Plywood vs. Hardwood: Warp Resistance and Fasteners
Wood warps over time. The more moist it gets, the faster it warps. It does this because the grain all runs in basically the same direction. In a living tree, this doesn’t happen because the direction of the potential warping is always inward toward the center of the trunk, since the grain pattern runs in concentric circles around a central axis. But once you cut a tree into lumber, the natural warping direction of the grain doesn’t have anything to counteract it, so gradually, over time in a moist, warm environment like a kitchen, hardwood under a load begins to bow. Bowing is bad for structural elements.
Since plywood is hardwood with its grain patterns running in many different directions in thin layers, it reestablishes a living tree’s natural resistance to warpage to a degree. This makes sure plywood remains straight, true, and sturdy for years and years to come.
In addition, while hardwood isn’t bad at holding screws and other fasteners, it only holds it from two sides, like pinching a screw between your fingers. Plywood, with its many-angled grain pattern, holds it from four, six, or even more sides, for a much stronger grip, and much longer-lasting cabinets.
Plywood vs. Stainless Steel: Style and Resilience
There is a reason commercial kitchen cabinets are almost always made of stainless steel. It’s completely water-resistant, holds fasteners perfectly, and doesn’t warp at all. Most homeowners don’t want cold steel all over their kitchens, though if that’s your style, we won’t hold it against you. Still, there is a bit of a longevity concern. Not with the structure, mind you; good quality steel cabinets will indeed outlast anything made of wood.
Rather, steel tends to get lots of dents, dings, creases, bends, and other large-scale, highly-visible surface defects over time. In a commercial kitchen, that’s just expected and accepted. They aren’t built for beauty after all, but to put out huge quantities of food quickly and stand up to all kinds of abuse. In a home, though, that can be a problem. Because wood is flexible, and a little bit soft, it can absorb blows from things like knees, feet, or even pots and pans, with its natural springiness.
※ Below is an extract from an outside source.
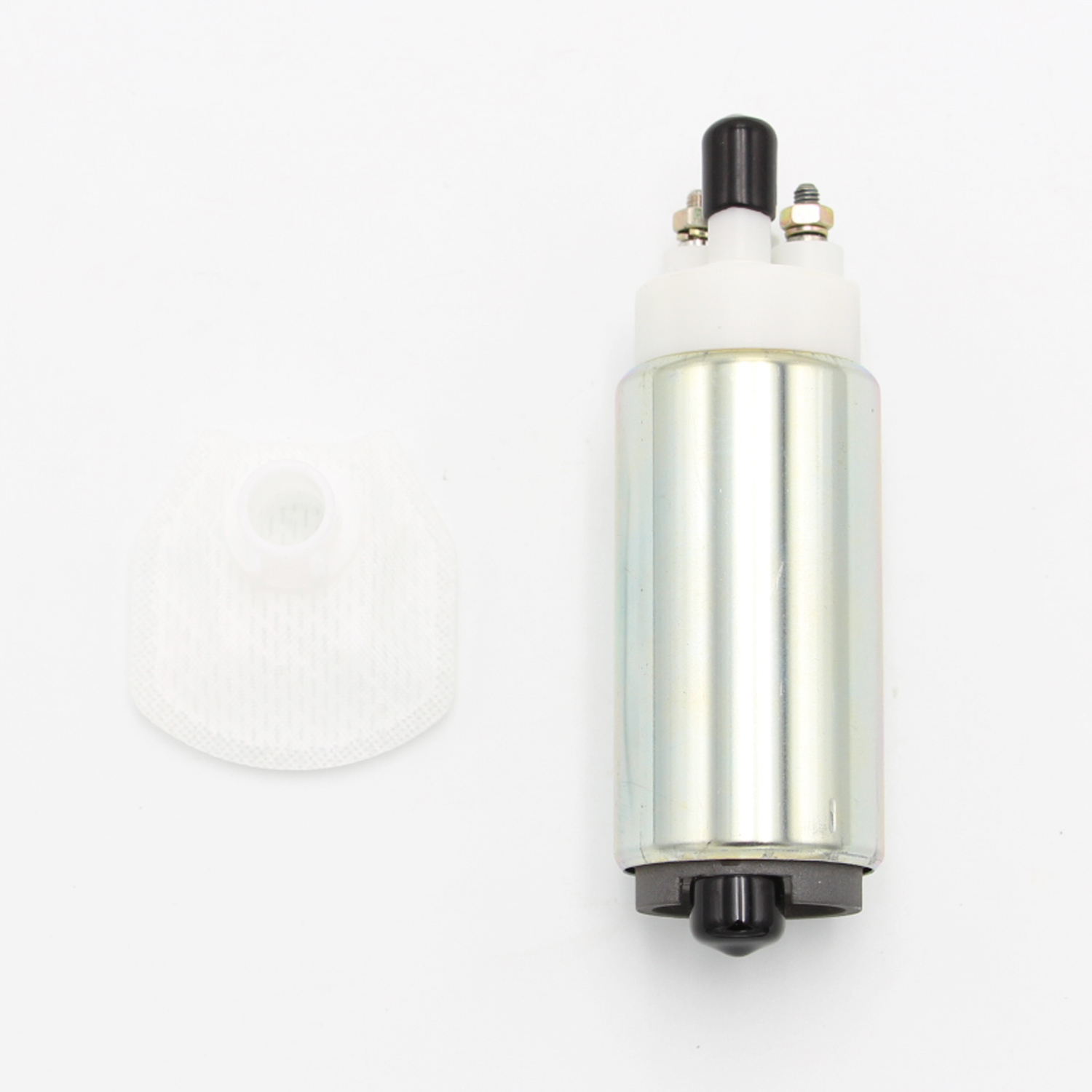 New Fuel Pump with Strainer Fit for Suzuki Hayabusa GSX1300R 20012007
If something does ding or cut into it, the wood will naturally swell back up over time, in a way “healing” some of the damage, which can be further covered up with a simple stain pen or blend-fill pencil. Once metal is bent, though, there’s almost no way to “unbend” it back into its original shape, because as it bends, it stretches, and compressing it again is all but impossible without heavy manufacturing equipment.